## What you have to do
Print every line of the material exactly.
..............................
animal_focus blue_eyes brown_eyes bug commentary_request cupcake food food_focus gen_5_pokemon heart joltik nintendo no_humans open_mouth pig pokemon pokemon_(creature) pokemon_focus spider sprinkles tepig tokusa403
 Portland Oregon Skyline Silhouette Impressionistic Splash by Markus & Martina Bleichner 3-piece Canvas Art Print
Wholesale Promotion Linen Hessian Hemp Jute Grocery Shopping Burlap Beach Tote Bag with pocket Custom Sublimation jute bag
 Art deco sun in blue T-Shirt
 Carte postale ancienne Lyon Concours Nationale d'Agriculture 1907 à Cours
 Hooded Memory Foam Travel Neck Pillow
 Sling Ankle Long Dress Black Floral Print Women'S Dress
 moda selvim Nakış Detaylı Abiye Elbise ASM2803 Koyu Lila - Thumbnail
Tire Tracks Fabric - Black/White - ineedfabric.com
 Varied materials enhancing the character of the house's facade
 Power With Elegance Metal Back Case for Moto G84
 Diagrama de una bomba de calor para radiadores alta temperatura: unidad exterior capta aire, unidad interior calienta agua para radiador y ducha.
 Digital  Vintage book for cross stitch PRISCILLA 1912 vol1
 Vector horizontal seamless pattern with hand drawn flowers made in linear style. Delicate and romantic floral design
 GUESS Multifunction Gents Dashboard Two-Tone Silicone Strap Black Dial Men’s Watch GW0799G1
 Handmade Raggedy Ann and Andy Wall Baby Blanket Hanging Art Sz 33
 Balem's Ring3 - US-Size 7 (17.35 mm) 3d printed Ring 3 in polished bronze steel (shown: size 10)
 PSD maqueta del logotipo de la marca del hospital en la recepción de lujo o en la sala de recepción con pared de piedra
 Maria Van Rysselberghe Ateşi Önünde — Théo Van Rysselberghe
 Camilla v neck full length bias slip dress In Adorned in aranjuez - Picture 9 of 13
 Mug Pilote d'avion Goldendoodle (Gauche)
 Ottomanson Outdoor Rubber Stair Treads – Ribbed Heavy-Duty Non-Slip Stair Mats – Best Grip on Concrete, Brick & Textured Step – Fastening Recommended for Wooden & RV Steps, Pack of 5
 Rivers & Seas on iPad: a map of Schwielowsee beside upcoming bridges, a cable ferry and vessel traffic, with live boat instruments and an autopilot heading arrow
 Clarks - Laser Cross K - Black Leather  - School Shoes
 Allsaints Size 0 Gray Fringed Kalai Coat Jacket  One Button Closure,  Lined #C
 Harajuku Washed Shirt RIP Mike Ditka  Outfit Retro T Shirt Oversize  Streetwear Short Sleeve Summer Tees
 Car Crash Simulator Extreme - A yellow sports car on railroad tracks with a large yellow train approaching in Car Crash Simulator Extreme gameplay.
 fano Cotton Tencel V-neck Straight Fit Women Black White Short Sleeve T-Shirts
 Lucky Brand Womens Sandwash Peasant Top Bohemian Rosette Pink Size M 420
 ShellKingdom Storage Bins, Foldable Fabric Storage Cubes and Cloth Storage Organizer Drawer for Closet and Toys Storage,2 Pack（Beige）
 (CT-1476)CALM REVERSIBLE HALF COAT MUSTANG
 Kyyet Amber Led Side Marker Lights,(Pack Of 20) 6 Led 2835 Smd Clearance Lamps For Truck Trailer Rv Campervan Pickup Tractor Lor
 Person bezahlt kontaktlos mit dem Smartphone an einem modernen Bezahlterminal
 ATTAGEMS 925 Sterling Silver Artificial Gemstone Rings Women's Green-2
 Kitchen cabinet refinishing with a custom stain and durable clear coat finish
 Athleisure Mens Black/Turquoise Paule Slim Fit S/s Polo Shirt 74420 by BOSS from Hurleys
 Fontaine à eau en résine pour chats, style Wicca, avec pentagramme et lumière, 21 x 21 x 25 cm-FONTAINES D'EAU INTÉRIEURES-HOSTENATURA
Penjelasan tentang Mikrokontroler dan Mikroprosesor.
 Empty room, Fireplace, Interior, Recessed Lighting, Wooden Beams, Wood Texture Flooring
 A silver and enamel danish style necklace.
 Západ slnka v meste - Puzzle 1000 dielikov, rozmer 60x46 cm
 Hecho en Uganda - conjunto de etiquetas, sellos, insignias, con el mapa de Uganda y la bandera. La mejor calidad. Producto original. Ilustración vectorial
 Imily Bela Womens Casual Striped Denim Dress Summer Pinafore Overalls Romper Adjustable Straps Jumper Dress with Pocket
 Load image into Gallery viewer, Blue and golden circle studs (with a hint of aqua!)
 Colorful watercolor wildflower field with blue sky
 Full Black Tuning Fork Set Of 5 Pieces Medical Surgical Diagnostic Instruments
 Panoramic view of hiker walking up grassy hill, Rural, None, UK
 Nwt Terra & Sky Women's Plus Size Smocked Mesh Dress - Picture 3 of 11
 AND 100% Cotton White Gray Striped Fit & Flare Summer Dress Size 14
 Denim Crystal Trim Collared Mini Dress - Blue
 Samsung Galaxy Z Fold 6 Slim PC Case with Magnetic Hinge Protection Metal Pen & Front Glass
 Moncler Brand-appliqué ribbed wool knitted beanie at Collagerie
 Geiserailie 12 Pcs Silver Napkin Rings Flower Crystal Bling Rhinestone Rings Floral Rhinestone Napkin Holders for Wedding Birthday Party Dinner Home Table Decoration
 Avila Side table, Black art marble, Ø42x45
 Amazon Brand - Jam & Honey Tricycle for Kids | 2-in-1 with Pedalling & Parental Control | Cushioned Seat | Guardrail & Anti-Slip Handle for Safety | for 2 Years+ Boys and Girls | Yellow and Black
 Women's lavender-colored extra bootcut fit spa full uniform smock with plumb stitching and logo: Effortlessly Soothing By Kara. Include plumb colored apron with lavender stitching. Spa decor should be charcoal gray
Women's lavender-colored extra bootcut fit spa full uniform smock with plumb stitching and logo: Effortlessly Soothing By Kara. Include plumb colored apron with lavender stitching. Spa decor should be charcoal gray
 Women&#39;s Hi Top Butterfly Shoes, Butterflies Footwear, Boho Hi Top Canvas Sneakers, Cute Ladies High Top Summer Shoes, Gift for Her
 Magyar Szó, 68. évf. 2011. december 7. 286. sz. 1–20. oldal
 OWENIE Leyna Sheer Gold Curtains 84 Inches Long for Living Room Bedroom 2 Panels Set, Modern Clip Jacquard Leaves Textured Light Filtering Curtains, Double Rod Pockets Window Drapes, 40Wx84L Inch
..............................
## Reply to the exercise
animal_focus blue_eyes brown_eyes bug commentary_request cupcake food food_focus gen_5_pokemon heart joltik nintendo no_humans open_mouth pig pokemon pokemon_(creature) pokemon_focus spider sprinkles tepig tokusa403
 Portland Oregon Skyline Silhouette Impressionistic Splash by Markus & Martina Bleichner 3-piece Canvas Art Print
Wholesale Promotion Linen Hessian Hemp Jute Grocery Shopping Burlap Beach Tote Bag with pocket Custom Sublimation jute bag
 Art deco sun in blue T-Shirt
 Carte postale ancienne Lyon Concours Nationale d'Agriculture 1907 à Cours
 Hooded Memory Foam Travel Neck Pillow
 Sling Ankle Long Dress Black Floral Print Women'S Dress
 moda selvim Nakış Detaylı Abiye Elbise ASM2803 Koyu Lila - Thumbnail
Tire Tracks Fabric - Black/White - ineedfabric.com
 Varied materials enhancing the character of the house's facade
 Power With Elegance Metal Back Case for Moto G84
 Diagrama de una bomba de calor para radiadores alta temperatura: unidad exterior capta aire, unidad interior calienta agua para radiador y ducha.
 Digital  Vintage book for cross stitch PRISCILLA 1912 vol1
 Vector horizontal seamless pattern with hand drawn flowers made in linear style. Delicate and romantic floral design
 GUESS Multifunction Gents Dashboard Two-Tone Silicone Strap Black Dial Men’s Watch GW0799G1
 Handmade Raggedy Ann and Andy Wall Baby Blanket Hanging Art Sz 33
 Balem's Ring3 - US-Size 7 (17.35 mm) 3d printed Ring 3 in polished bronze steel (shown: size 10)
 PSD maqueta del logotipo de la marca del hospital en la recepción de lujo o en la sala de recepción con pared de piedra
 Maria Van Rysselberghe Ateşi Önünde — Théo Van Rysselberghe
 Camilla v neck full length bias slip dress In Adorned in aranjuez - Picture 9 of 13
 Mug Pilote d'avion Goldendoodle (Gauche)
 Ottomanson Outdoor Rubber Stair Treads – Ribbed Heavy-Duty Non-Slip Stair Mats – Best Grip on Concrete, Brick & Textured Step – Fastening Recommended for Wooden & RV Steps, Pack of 5
 Rivers & Seas on iPad: a map of Schwielowsee beside upcoming bridges, a cable ferry and vessel traffic, with live boat instruments and an autopilot heading arrow
 Clarks - Laser Cross K - Black Leather  - School Shoes
 Allsaints Size 0 Gray Fringed Kalai Coat Jacket  One Button Closure,  Lined #C
 Harajuku Washed Shirt RIP Mike Ditka  Outfit Retro T Shirt Oversize  Streetwear Short Sleeve Summer Tees
 Car Crash Simulator Extreme - A yellow sports car on railroad tracks with a large yellow train approaching in Car Crash Simulator Extreme gameplay.
 fano Cotton Tencel V-neck Straight Fit Women Black White Short Sleeve T-Shirts
 Lucky Brand Womens Sandwash Peasant Top Bohemian Rosette Pink Size M 420
 ShellKingdom Storage Bins, Foldable Fabric Storage Cubes and Cloth Storage Organizer Drawer for Closet and Toys Storage,2 Pack（Beige）
 (CT-1476)CALM REVERSIBLE HALF COAT MUSTANG
 Kyyet Amber Led Side Marker Lights,(Pack Of 20) 6 Led 2835 Smd Clearance Lamps For Truck Trailer Rv Campervan Pickup Tractor Lor
 Person bezahlt kontaktlos mit dem Smartphone an einem modernen Bezahlterminal
 ATTAGEMS 925 Sterling Silver Artificial Gemstone Rings Women's Green-2
 Kitchen cabinet refinishing with a custom stain and durable clear coat finish
 Athleisure Mens Black/Turquoise Paule Slim Fit S/s Polo Shirt 74420 by BOSS from Hurleys
 Fontaine à eau en résine pour chats, style Wicca, avec pentagramme et lumière, 21 x 21 x 25 cm-FONTAINES D'EAU INTÉRIEURES-HOSTENATURA
Penjelasan tentang Mikrokontroler dan Mikroprosesor.
 Empty room, Fireplace, Interior, Recessed Lighting, Wooden Beams, Wood Texture Flooring
 A silver and enamel danish style necklace.
 Západ slnka v meste - Puzzle 1000 dielikov, rozmer 60x46 cm
 Hecho en Uganda - conjunto de etiquetas, sellos, insignias, con el mapa de Uganda y la bandera. La mejor calidad. Producto original. Ilustración vectorial
 Imily Bela Womens Casual Striped Denim Dress Summer Pinafore Overalls Romper Adjustable Straps Jumper Dress with Pocket
 Load image into Gallery viewer, Blue and golden circle studs (with a hint of aqua!)
 Colorful watercolor wildflower field with blue sky
 Full Black Tuning Fork Set Of 5 Pieces Medical Surgical Diagnostic Instruments
 Panoramic view of hiker walking up grassy hill, Rural, None, UK
 Nwt Terra & Sky Women's Plus Size Smocked Mesh Dress - Picture 3 of 11
 AND 100% Cotton White Gray Striped Fit & Flare Summer Dress Size 14
 Denim Crystal Trim Collared Mini Dress - Blue
 Samsung Galaxy Z Fold 6 Slim PC Case with Magnetic Hinge Protection Metal Pen & Front Glass
 Moncler Brand-appliqué ribbed wool knitted beanie at Collagerie
 Geiserailie 12 Pcs Silver Napkin Rings Flower Crystal Bling Rhinestone Rings Floral Rhinestone Napkin Holders for Wedding Birthday Party Dinner Home Table Decoration
 Avila Side table, Black art marble, Ø42x45
 Amazon Brand - Jam & Honey Tricycle for Kids | 2-in-1 with Pedalling & Parental Control | Cushioned Seat | Guardrail & Anti-Slip Handle for Safety | for 2 Years+ Boys and Girls | Yellow and Black
 Women's lavender-colored extra bootcut fit spa full uniform smock with plumb stitching and logo: Effortlessly Soothing By Kara. Include plumb colored apron with lavender stitching. Spa decor should be charcoal gray
Women's lavender-colored extra bootcut fit spa full uniform smock with plumb stitching and logo: Effortlessly Soothing By Kara. Include plumb colored apron with lavender stitching. Spa decor should be charcoal gray
 Women&#39;s Hi Top Butterfly Shoes, Butterflies Footwear, Boho Hi Top Canvas Sneakers, Cute Ladies High Top Summer Shoes, Gift for Her
 Magyar Szó, 68. évf. 2011. december 7. 286. sz. 1–20. oldal
 OWENIE Leyna Sheer Gold Curtains 84 Inches Long for Living Room Bedroom 2 Panels Set, Modern Clip Jacquard Leaves Textured Light Filtering Curtains, Double Rod Pockets Window Drapes, 40Wx84L Inch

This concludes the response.